Las opiniones al respecto son variadas. Raine y otros han descubierto que los niños que más tarde se convierten en adultos violentos tienen respuestas viscerales anormales; como, por ejemplo, cierta falta de sudoración en las palmas de las manos. Estudios realizados con gemelos y con niños adoptados señalan que la herencia tiene una gran importancia en las conductas criminales y antisociales, aunque el efecto genético es más fuerte en crímenes impulsivos o causados por la codicia que en los crímenes en los que se ataca a otras personas de forma premeditada. También se ha comprobado que el comportamiento antisocial es el resultado de las experiencias de las primeras etapas de la vida. Jonathan Pincus, un neurólogo de la Facultad de Medicina de la Universidad de Georgetown, en Washington DC, ha descubierto que las personas acusadas de asesinato a menudo habían sufrido abusos cuando eran niños, y muchos presentan algún tipo de discapacidad neurológica y enfermedades mentales.

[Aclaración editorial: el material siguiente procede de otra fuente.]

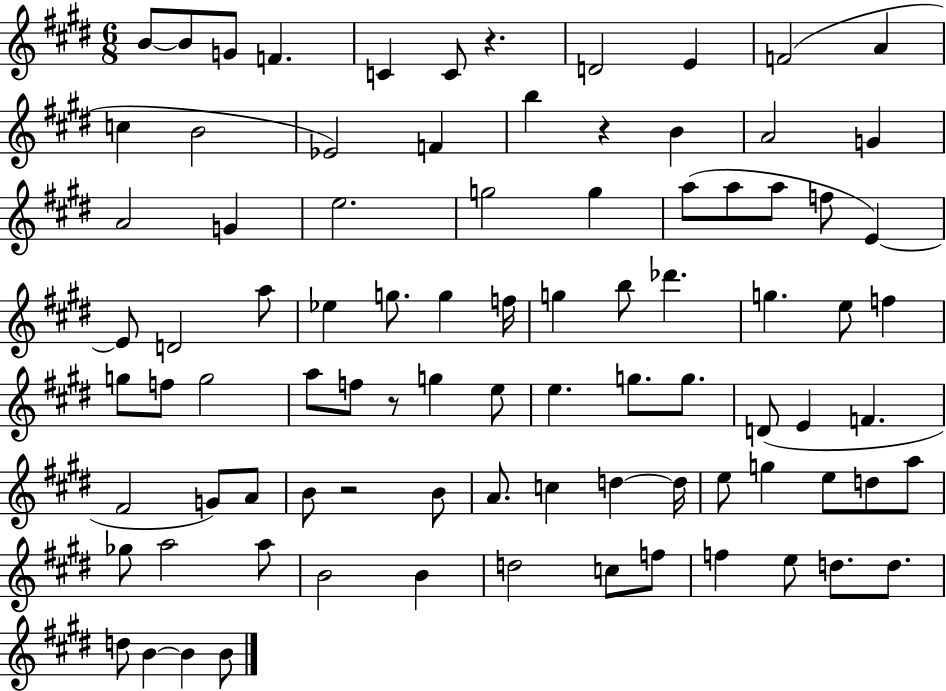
{
  \clef treble
  \numericTimeSignature
  \time 6/8
  \key e \major
  b'8~~ b'8 g'8 f'4. | c'4 c'8 r4. | d'2 e'4 | f'2( a'4 | \break c''4 b'2 | ees'2) f'4 | b''4 r4 b'4 | a'2 g'4 | \break a'2 g'4 | e''2. | g''2 g''4 | a''8( a''8 a''8 f''8 e'4~~) | \break e'8 d'2 a''8 | ees''4 g''8. g''4 f''16 | g''4 b''8 des'''4. | g''4. e''8 f''4 | \break g''8 f''8 g''2 | a''8 f''8 r8 g''4 e''8 | e''4. g''8. g''8. | d'8( e'4 f'4. | \break fis'2 g'8) a'8 | b'8 r2 b'8 | a'8. c''4 d''4~~ d''16 | e''8 g''4 e''8 d''8 a''8 | \break ges''8 a''2 a''8 | b'2 b'4 | d''2 c''8 f''8 | f''4 e''8 d''8. d''8. | \break d''8 b'4~~ b'4 b'8 | \bar "|."
}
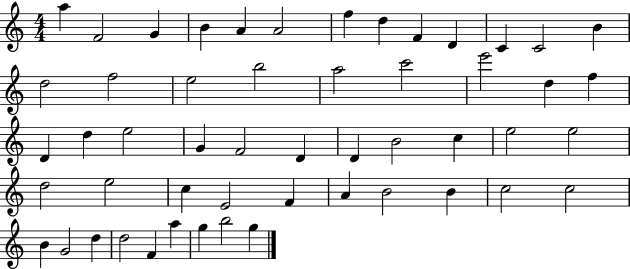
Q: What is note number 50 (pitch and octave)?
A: G5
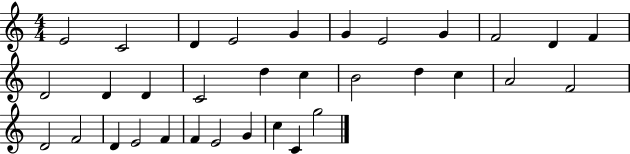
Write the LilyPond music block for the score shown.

{
  \clef treble
  \numericTimeSignature
  \time 4/4
  \key c \major
  e'2 c'2 | d'4 e'2 g'4 | g'4 e'2 g'4 | f'2 d'4 f'4 | \break d'2 d'4 d'4 | c'2 d''4 c''4 | b'2 d''4 c''4 | a'2 f'2 | \break d'2 f'2 | d'4 e'2 f'4 | f'4 e'2 g'4 | c''4 c'4 g''2 | \break \bar "|."
}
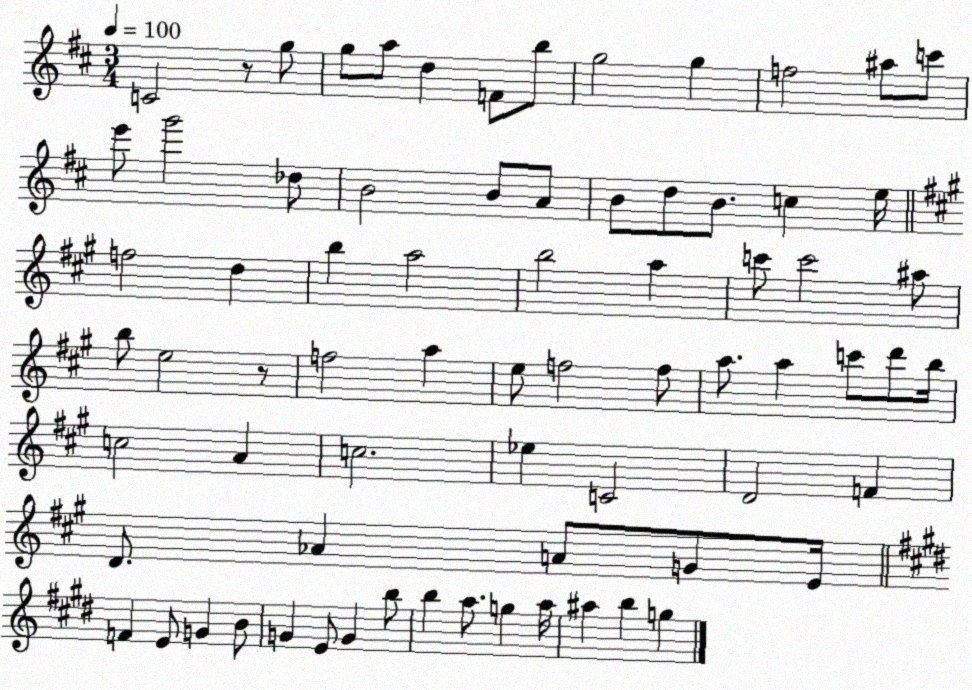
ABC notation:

X:1
T:Untitled
M:3/4
L:1/4
K:D
C2 z/2 g/2 g/2 a/2 d F/2 b/2 g2 g f2 ^a/2 c'/2 e'/2 g'2 _d/2 B2 B/2 A/2 B/2 d/2 B/2 c e/4 f2 d b a2 b2 a c'/2 c'2 ^a/2 b/2 e2 z/2 f2 a e/2 f2 f/2 a/2 a c'/2 d'/2 b/4 c2 A c2 _e C2 D2 F D/2 _A A/2 G/2 E/4 F E/2 G B/2 G E/2 G b/2 b a/2 g a/4 ^a b g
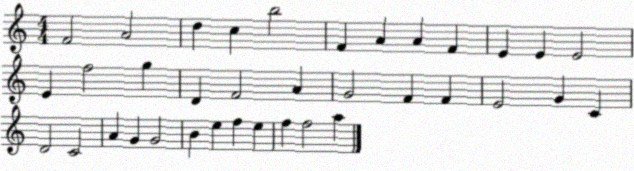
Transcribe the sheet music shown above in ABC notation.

X:1
T:Untitled
M:4/4
L:1/4
K:C
F2 A2 d c b2 F A A F E E E2 E f2 g D F2 A G2 F F E2 G C D2 C2 A G G2 B e f e f f2 a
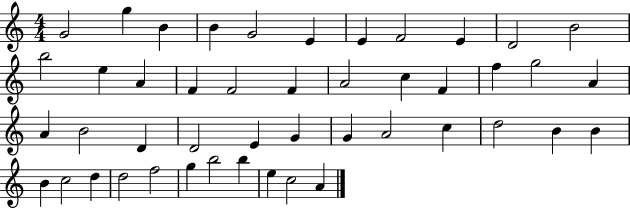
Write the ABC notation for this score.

X:1
T:Untitled
M:4/4
L:1/4
K:C
G2 g B B G2 E E F2 E D2 B2 b2 e A F F2 F A2 c F f g2 A A B2 D D2 E G G A2 c d2 B B B c2 d d2 f2 g b2 b e c2 A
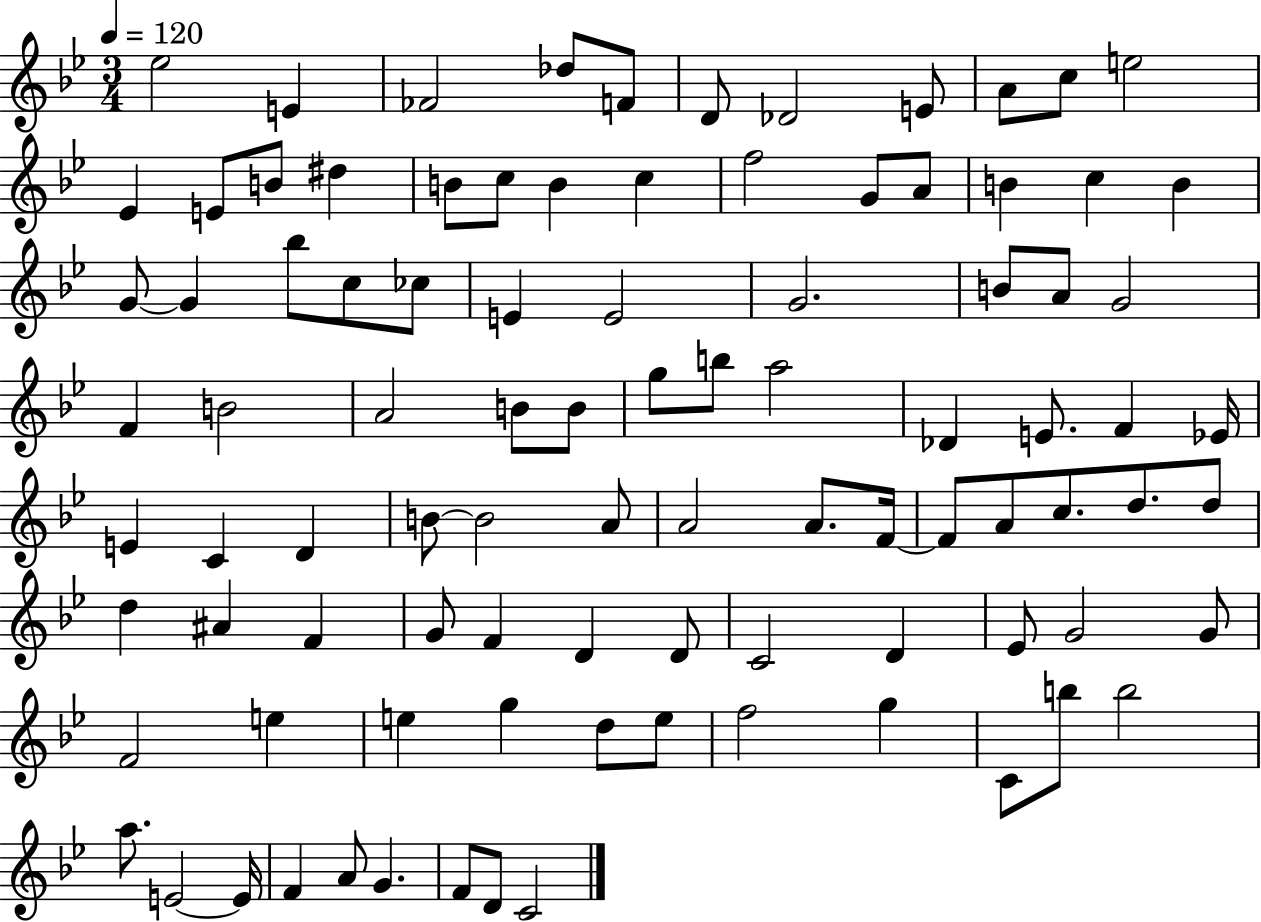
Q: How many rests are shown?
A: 0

Entonces, si somos capaces de encontrar explicaciones a lo que hace la gente malvada, ¿no estaremos sustituyendo el mal moral, que se comete libremente, por el mal natural, que escapa a nuestro control? En este caso, puede que los criminales violentos no sean, en última instancia, responsables de sus actos, y por tanto, nuestro sistema legal debería modificar la forma de tratarlos. Hablemos de este asunto con cautela. En primer lugar, deberíamos preguntarnos si las “causas” de la conducta antisocial son determinantes hasta el punto de convertir la violencia en algo inevitable. Si la persona que sufre un trastorno psicológico no tiene más remedio que cometer actos violentos, eso significaría que debería ser absuelta de toda responsabilidad.
¿Y si nuestro cerebro tiene fallos?
Estas cuestiones nos plantean una pregunta inquietante que nos lleva un poco más allá: ¿qué hacer con el hombre o la mujer que aún no ha cometido delito alguno, pero padece las mismas anomalías neurológicas que el criminal violento? ¿Habría que encarcelarles también a ellos por si acaso? ¿Deberíamos apartarlos de la sociedad y ponerlos en “cuarentena” psiquiátrica, para protegerles tanto a ellos como a sus potenciales víctimas? Los avances en el campo de la neurología permiten identificar a estas personas cada vez más fácilmente. Y la posibilidad de encerrarlas para aislarlas ya no es una especie de pesadilla futurista digna de Orwell, pues ha sido discutida por el gobierno del Reino Unido en las propuestas de la nueva Ley de Salud Mental. Si esta posibilidad se convierte en ley, se podría requerir la colaboración de psiquiatras como yo para detener a personas que, en nuestra opinión, corriesen el riesgo de cometer crímenes violentos. Esta perspectiva es preocupante, especialmente debido a la dificultad de predecir hasta qué punto estos individuos constituyen una amenaza. Es difícil no llegar a la conclusión de que, aunque la neurología nos proporciona una visión más precisa de las mentes de los asesinos, sólo consigue complicar aún más las decisiones que debemos tomar a la hora de tratar el tema del mal que cometen los humanos.